There has been an exploding interest in outdoor activities in recent times. Various new outdoor sports are now part of the daily lives of teenagers and adults alike. Some of these activities include roller blading, skate boarding, snow boarding, etc. While snow boarding and the like require a very specific environment and terrain and necessitate taking the time away from daily routine, other activities, such as roller blading, can be easily incorporated in a person's daily life. For example, many active roller blading participants frequently combine roller blading with daily routine activities, such as shopping at nearby malls, entertaining at local restaurants, and the like. Although it is very desirable to combine the roller blading activity with a trip to a nearby mall or restaurant, it poses a problem in that at the end of the roller blading activity, the skater must switch to regular walking shoes for the skates or roller blades, when walking, for example, inside a mall or restaurant, or the like. As a result, it is often necessary to carry an extra pair of regular or walking shoes while skating, and then carry the rather bulky skates when regular walking is resumed. Frequently, the skaters simply tie the shoe strings of the regular shoes together and sling the shoes over the shoulder. And, when the regular shoes are substituted for skates, the skates are somehow fastened together and either slung over the shoulder or carried in hands. The carrying of the regular shoes, or the skates over the shoulder or in hands, poses a problem as they interfere with free movement of the skater about the mall, restaurant, etc, and may lead to contamination of the skater's clothing due to any dirt that may have collected on the skates during the skating activity.

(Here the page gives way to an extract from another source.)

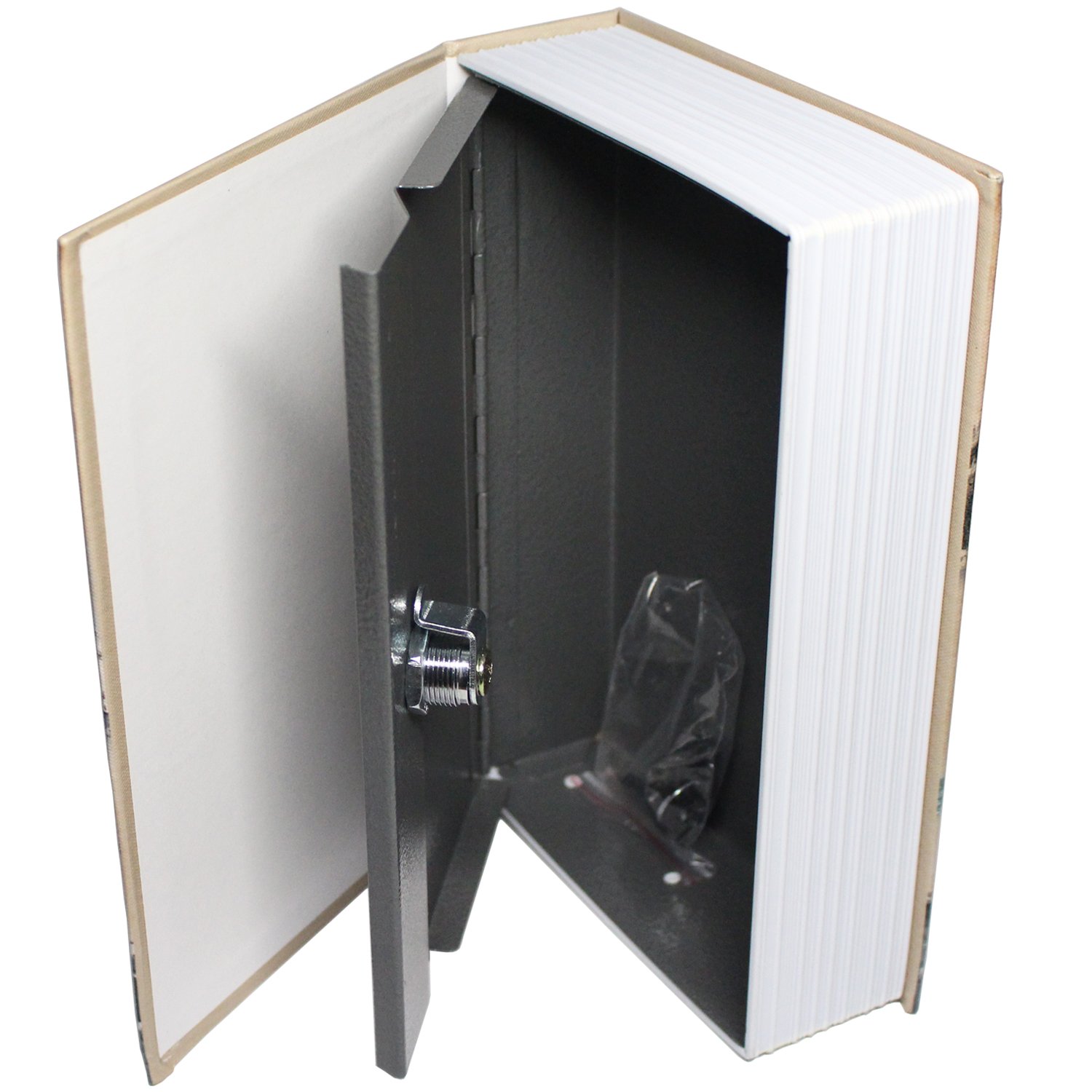 Empotrables Oficina y papelería Caja fuerte con forma de libro con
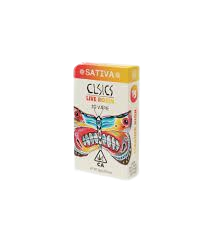 Photograph of product: CLSICS | Clockwork Lemon Live Rosin Cartridge | 1g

In addition, the carrying of the regular shoes over the shoulder interferes with a proper and safe participation in the skating activity since skating requires proper balance and movement of the arms and legs in coordination with each other to achieve an enjoyable and safe wheeling on the skates. It is therefore important and desirable to keep the skater's arms and shoulders free of any obstruction to achieve proper balance. Moreover, the free slinging of the shoes over the skater's shoulder may pose a threat to other skaters and non-skaters alike since skating, and in particular roller blading, is done on sidewalks, paved streets, or the like, and on occasion, at fairly high speeds.
Various devices for carrying skates and other sport equipment have been proposed in the art as shown in U.S. Pat. Nos. 2,428,074; 4,018,369; 4,337,883; 4,483,470; 4,863,083; 4,982,883; 5,285,939; 5,450,991; 5,456,353; 5,492,254; 5,509,589; 5,570,824; 5,582,337; 5,642,842; 5,664,719; 5,690,261; 5,785,220; 5,826,771; Des.361,889; and Des.382,110.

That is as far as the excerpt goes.